*Aim of the exercise:* Copy word for word, please, the lines of the entries below running from the one containing "Antalya’da arabada sinema keyfi başladı" to the one containing "Renault - Megane", both ends included.

*Study material:*
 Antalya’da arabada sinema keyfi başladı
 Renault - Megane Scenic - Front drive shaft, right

==

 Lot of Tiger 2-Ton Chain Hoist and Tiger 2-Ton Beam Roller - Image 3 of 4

*Response below:*
 Antalya’da arabada sinema keyfi başladı
 Renault - Megane Scenic - Front drive shaft, right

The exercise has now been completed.